__ABOUT THIS TASK__. The listing below is to be copied exactly, with pictures excluded.

__MATERIAL PROVIDED__.
##############################
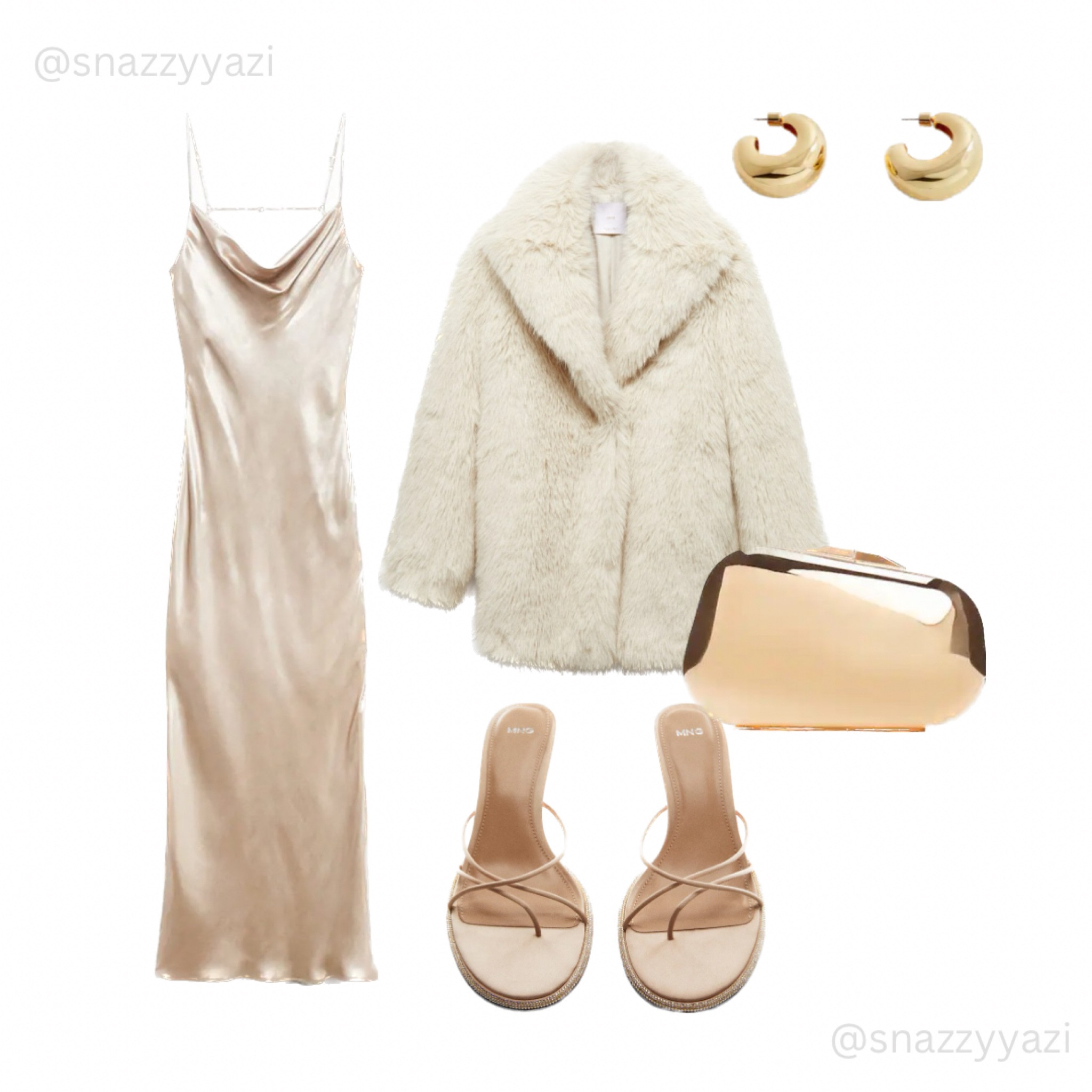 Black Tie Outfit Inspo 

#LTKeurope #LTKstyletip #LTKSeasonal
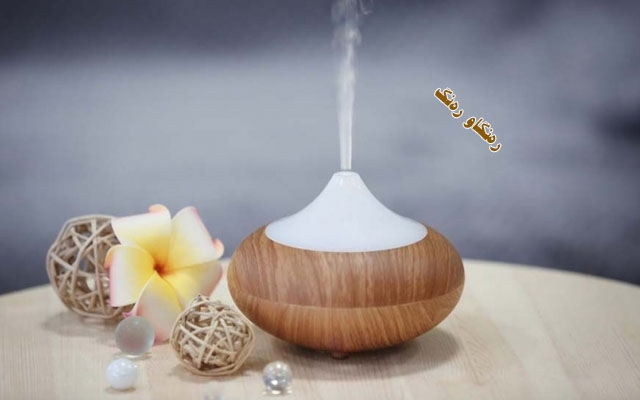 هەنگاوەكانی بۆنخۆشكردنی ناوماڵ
##############################
__THE ANSWER__.
 Black Tie Outfit Inspo 

#LTKeurope #LTKstyletip #LTKSeasonal
 هەنگاوەكانی بۆنخۆشكردنی ناوماڵ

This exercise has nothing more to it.